Exploring and Pre-Processing Data
ADM3308: Business Data Mining - Exploring and Pre-Processing Data
Course Overview
Course Code: ADM3308
Focus Area: Business Data Mining
Institution: Telfer School of Management, University of Ottawa
Variable Types
The course discusses different types of variables that are essential for data mining.
Categorical Variables (Nominal):
No inherent order
Example: colors, customer types
Ordered Variables (Ordinal):
Can be rated in order but do not quantify the differences
Example: grades, seniority levels
Interval Variables:
Differences are meaningful but no true zero exists
Example: days of the year
True Numeric Variables (Continuous):
True measurement with a meaningful zero point
Example: height, weight
Structure of Data
Rows:
Called records, data points, instances, or cases (e.g., individual customers)
Columns:
Also called fields, attributes, features or dimensions (e.g., Age, Income)

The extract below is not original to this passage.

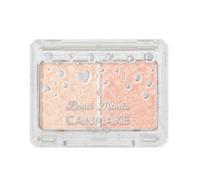 CANMAKE - Lame Mania - 2.7g - 01 Apricot Puree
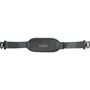 Higher Ground Shoulder Strap in Grey. Adjustable padded shoulder strap. Removeable for use with Higher Ground Cases-CleanShell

Data Mining Process Model (CRISP-DM)
Business Understanding
Data Understanding
Data Preparation
Modeling
Evaluation
Deployment
Variable Handling
Numeric Data:
Most algorithms can handle numeric inputs with occasional need for binning into categories.
Categorical Data:
Used as is for Naïve Bayes; converted to binary numbers for other algorithms.
Unique Value Columns
Use of columns such as Customer ID, Telephone number, Address, and Zip code is limited in mining.
They may not carry valuable algorithmic information but sometimes can yield geographical insights.
Derived Variables
Involves results of calculations such as total sales (e.g., Total Sales = Unit Price × Quantity).

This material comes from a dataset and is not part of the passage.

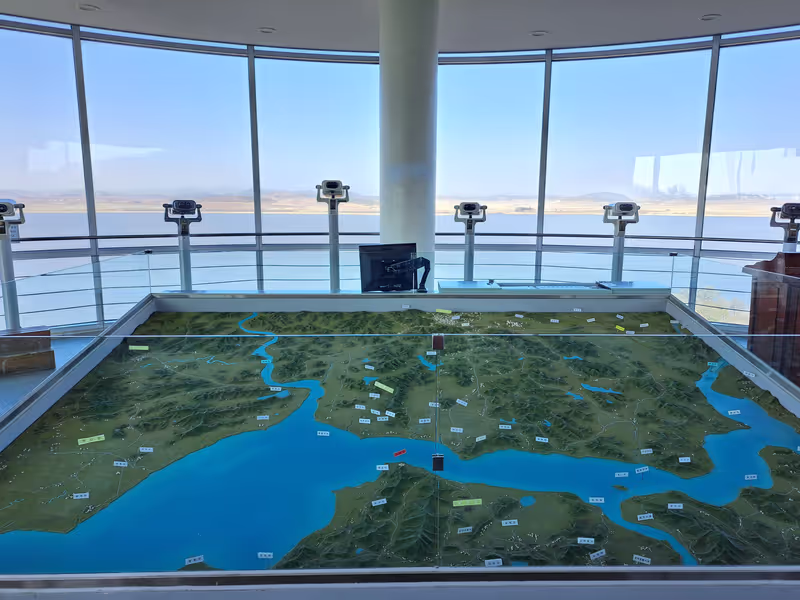 Seoul Private Tour - Jejeokbong Peace Observatory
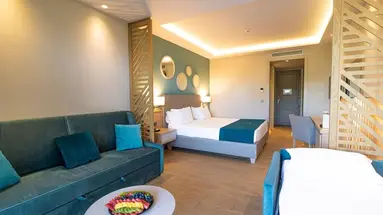 ALMYROS BEACH RESORT & SPA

Unary and Almost-Unary Columns
Unary Columns: Columns with only one unique value; should be ignored as they provide no information.
Almost-Unary Columns:
Generally lack diversity (95-99% same value); ignore unless understanding their significance is necessary.
Basic Statistical Measures
Discrete Values:
Represented through plots: line graphs, bar charts, scatterplots, and distributions like histograms.
Continuous Values:
Mean, median, mode, range, variance, standard deviation; visualized using boxplots and correlation measures.
Key Statistical Definitions
Mean: Average calculated as ext{Ave} = \frac{x1 + x2 + … + x_n}{n}
Median: Midpoint value in an ordered list (50% above, 50% below).
Mode: Most frequently occurring value in a dataset.
Range: Difference between minimum and maximum observations, calculated as \text{Range} = \text{Max} - \text{Min}.
Variance and Standard Deviation
Variance: Measure of data dispersion around the mean.
Standard Deviation: Square root of the variance, conveying how data points cluster around the mean.
Boxplots
Effective for visualizing outliers alongside overall distribution of data.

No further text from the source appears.